3 Avril 2009 , Rédigé par Frédéric Delorca Publié dans #Ecrire pour qui pour quoi, #Colonialisme-impérialisme

Vu ce soir le documentaire d'Arte sur l'OTAN. Bien pourri, bien hypocrite, bien factuellement faux, comme nous savons les faire. Factuellement faux ce qui est dit sur la Yougoslavie, y compris le bilan des morts de la guerre de Bosnie. Hypocrite, insidieuse, la façon de parler des Grecs qui demandent qu'on épargne leurs usines en Serbie en 1999 (au lieu de parler des usines qu'on a bombardées uniquement pour des raisons sordides), la manière de parler de la guerre d'Ossétie (on parle des Géorgiens qui quittent l'Ossétie, pas des Ossètes qui furent chassés par l'offensive géorgienne, d'ailleurs les Géorgiens ne sont pas présentés comme des agresseurs). Tout le documentaire était à vomir.

A vomir toutes ces Otâneries.

Les jeunes anti-OTANs ce soir parqués dans une banlieue de Strasbourg. Devant se battre pour être visibles dans la ville. Exposés aux violences policières. A vomir.
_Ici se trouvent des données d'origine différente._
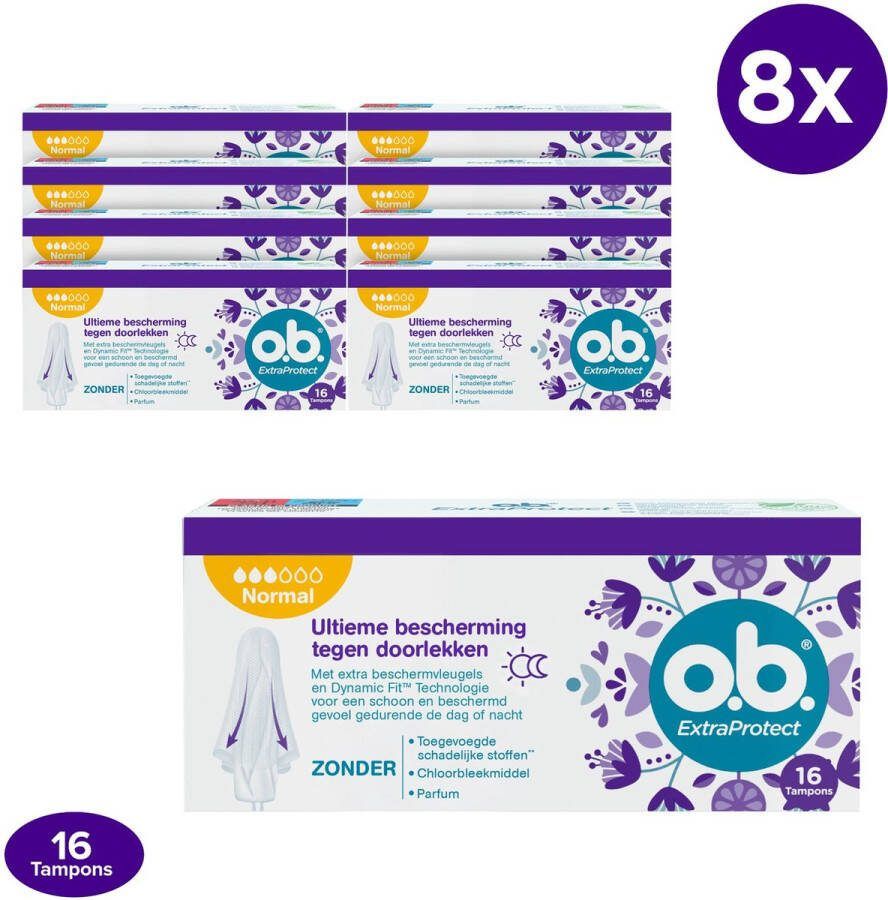 O.b. o.b. ExtraProtect Normal tampons voor gemiddelde tot zwaardere menstruatiedagen met Dynamic Fit-technologie en extra beschermende vleugels voor de ultieme bescherming tegen lekken 6 x 16 stuks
A vomir mon impuissance. Mon incapacité à exprimer toute cette abjection dans mes écrits et à en faire un combat à la fois efficace et sincère. Au mieux j'en aurai fait un combat bureaucratique.

Une amie me disait en 2007 que nous les gens dont les ascendants avaient été touchés par les guerres (elle et moi étions des enfants de réfugiés républicains espagnols) ressentions les guerres différemment des autres. Elle disait avoir ressenti physiquement, à Paris, les bombardements de Bagdad en 1991 comme des échos à ceux de Bilbao, qu'elle n'avait pourtant pas connus (sa mère les avait connus). Je pense que j'ai ressenti moi aussi une empathie spéciale avec la population de la République fédérale de Yougoslavie en 1999. C'est pourquoi le cynisme de cette guerre, les mensonges autour d'elle m'ont touché particulièrement, et c'est pourquoi me touchent encore des reportages odieux comme celui que nous présente Arte ce soir.

Mais si j'ai échoué à faire passer cela dans mes livres, cet échec se double de celui des autres "résistants", par exemple de cette amie berbère que je connais et qui n'arrive pas à parler de son vécu, de la guerre d'Algérie, de la guerre qu'elle a dû mener dans sa tête, avec et contre l'Occident, pendant plusieurs décennies. Nous sommes tous dans l'échec, le silence. Chaque parole que nous faisons sortir contre les immondices du discours dominant est facilement retournée contre nous pour que nous ne puissions même pas supporter ce que nous aurions à dire.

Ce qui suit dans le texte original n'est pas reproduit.